We have The Things Indoor Gateway:
MFG date2019-01-21 22:33:33
FW Build2018-12-06 09:30:37
FW Version2.0.0
Core Version2.0.0(minihub/debug)

But we’re facing a problem that the led is not always green. Sometimes it blinks for 30-60 seconds, then it’s green again.

Is anyone of you facing the same problem. We tested it on multiple wifi access points, all have the same behavior.

Regards, Peter

I have the same at the moment, however when its flashing its receiving data.
There are some instabillity problems with the server side handling of TTIG according to HTDVisser.

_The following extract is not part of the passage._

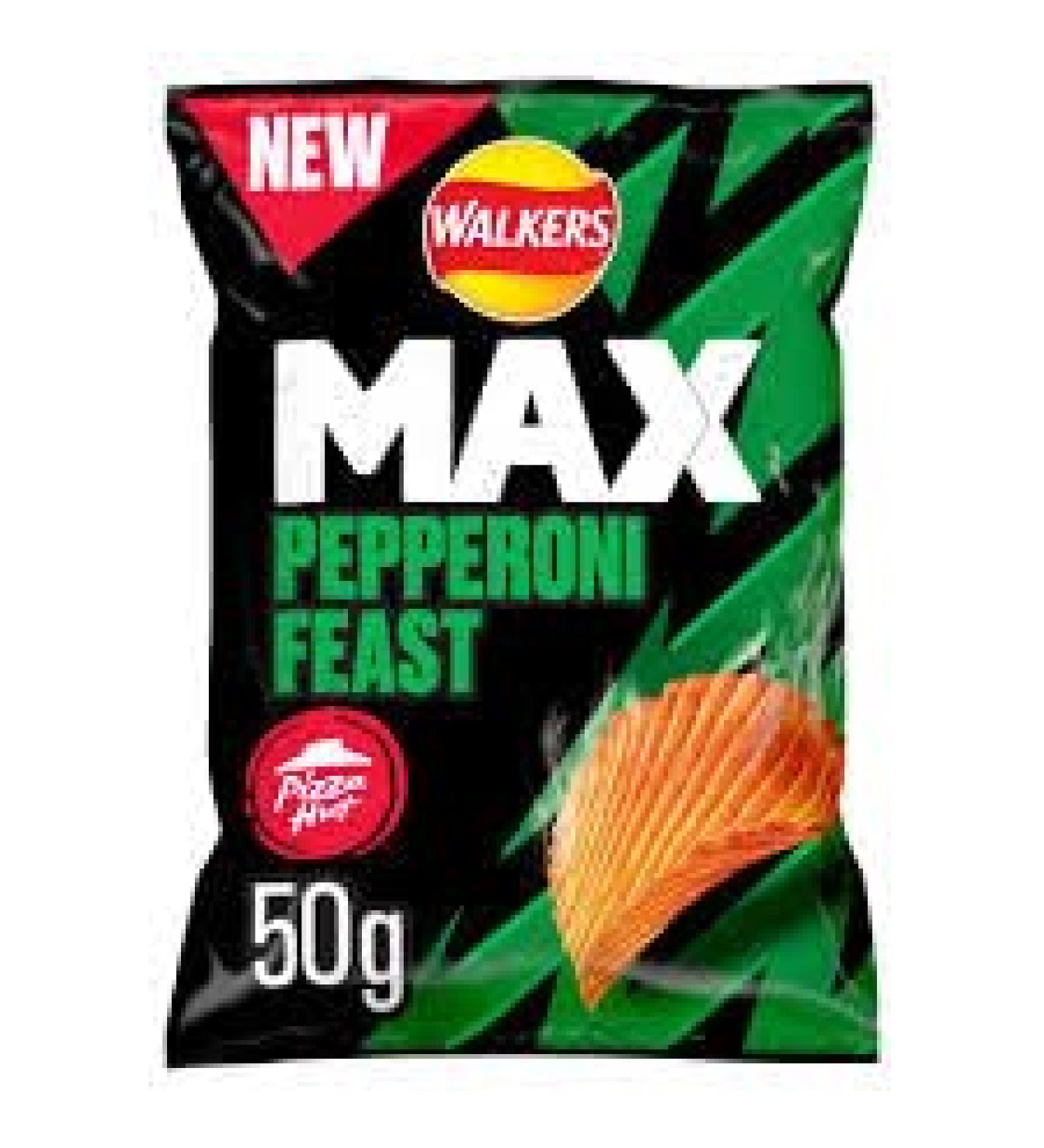 Walkers Max Pizza Hut Pepperoni Feast 24 x 50g (24 X 50G (1 Case))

Am curious to know if others are seeing the flashing green LED on their TTIG? I’ve been looking at mine (sitting on my desk next to my monitor) and it seems to be doing this 2 or 3 times a minute now. I’m still seeing it pass traffic, but it’s difficult to know if there is a problem as I only have one edge device that reports every 15 minutes or so.

yes you’ve mentioned that before :roll_eyes:

I have it too and I’ve tested that, when it’s flashing green, it still is able to receive data from a node.
However I’m sure TTI is aware of this and we hope for an explanation / solution.

In response to the "flashing green LED " question:

Yes that’s normal behavior.

If there’s no traffic on your gateway for about 60s, the WebSocket(WS) connection to the network is dropped intentionally and the gateway will re-connect. During reconnection, the LED will flash green.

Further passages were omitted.